North Korea celebrated the seventieth anniversary of their founding on Sunday, with a massive military parade featuring tanks, artillery, and goose-stepping combat troops. It was what the parade didn’t include, however, that made global headlines—no intercontinental ballistic missiles (ICBMs). While not an “irreversible” step towards denuclearization, it does contribute to the potential for peace on the Korean peninsula.
Before either the April summit between South Korean president Moon Jae-in and North Korean dictator Kim Jong-un or the June summit between President Trump and Kim, a military parade in early February featured their two most potent ICBMs , the Hwasong 14 and 15. Sunday’s parade included neither.
Just as significant, in preparation for the third Moon-Kim summit in September, South Korean officials who met with Kim last week and said the North Korean leader “reaffirmed his determination to completely denuclearize.”

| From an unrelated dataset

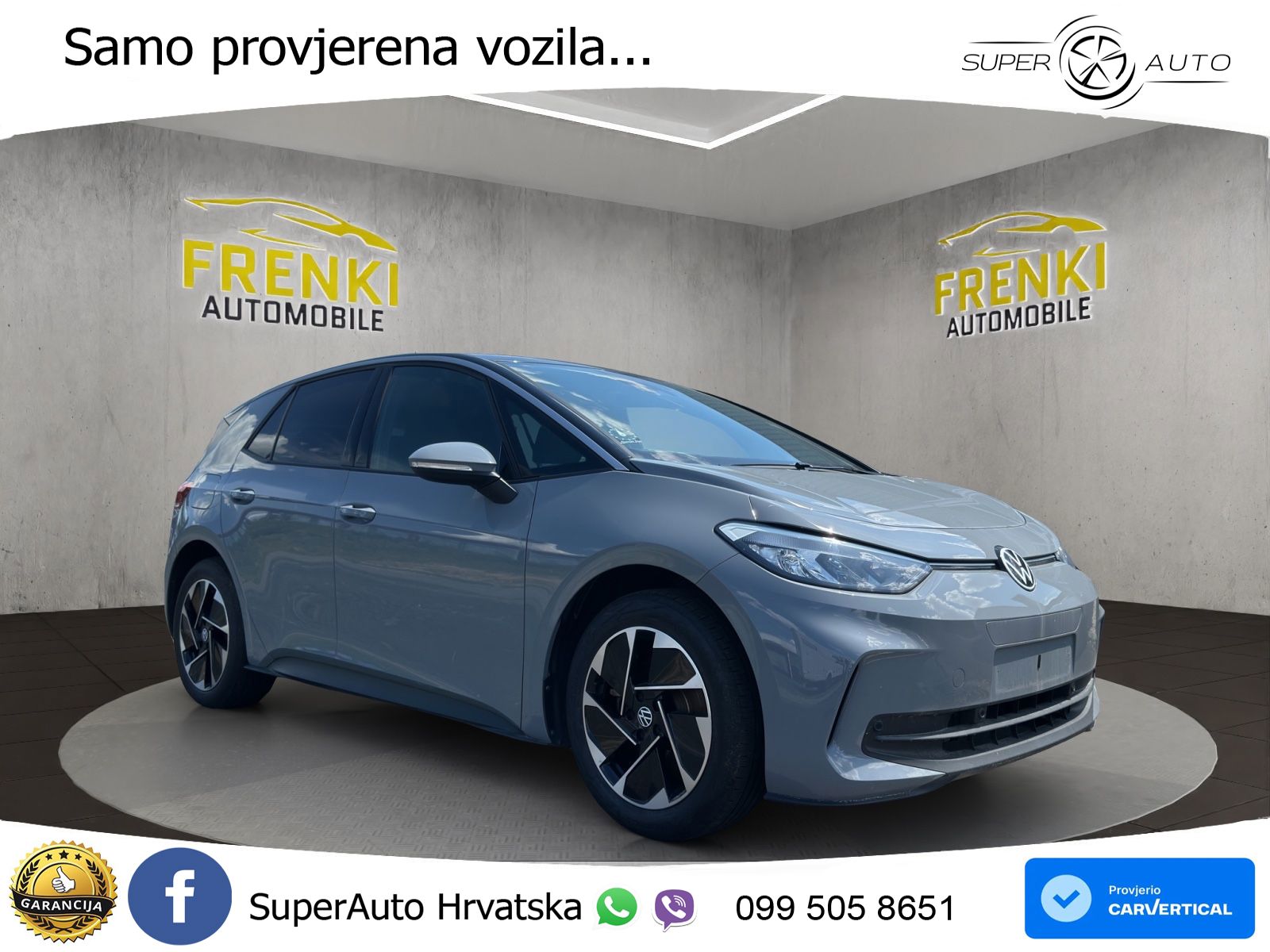 Volkswagen ID.3 Pure 55 kWh (170 KS) LED+ACC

It is still far too early in the negotiation process to say whether or not Kim genuinely intends to denuclearize completely—I am skeptical—but substantive actions and symbolic gestures continue to move in a direction that makes peace possible. However, it’s crucial to note that American security and continued economic prosperity are not dependent on Kim making good on his promises. That power continues to reside in Washington.
The key to wielding that power effectively requires the administration to recognize two essential truths. First and foremost, is that while multiple paths could lead to peace on the peninsula, there is only one way to lose: if America were to ever engage in the unprovoked use of force.
Doing so would almost certainly spark a war in which U.S. interests would suffer substantial losses, wholly irrespective of how the war ended. Despite what some suggest, a sober analysis of the military and political factors involved reveals that Kim can be effectively deterred—indefinitely—by America’s overwhelmingly superior nuclear arsenal and conventional capability.
Senior Chinese Communist Party official Li Zhanshu represented China at Sunday’s parade. Reuters reported that Li and Kim met together and noted, “North Korea was focusing on economic development and hopes to learn from China’s experience in this regard.” Evidence suggests Kim is not focused on creating a powerful offensive military to conquer other states, but to have an effective deterrent to allow his regime to survive while he strengthens his domestic economy.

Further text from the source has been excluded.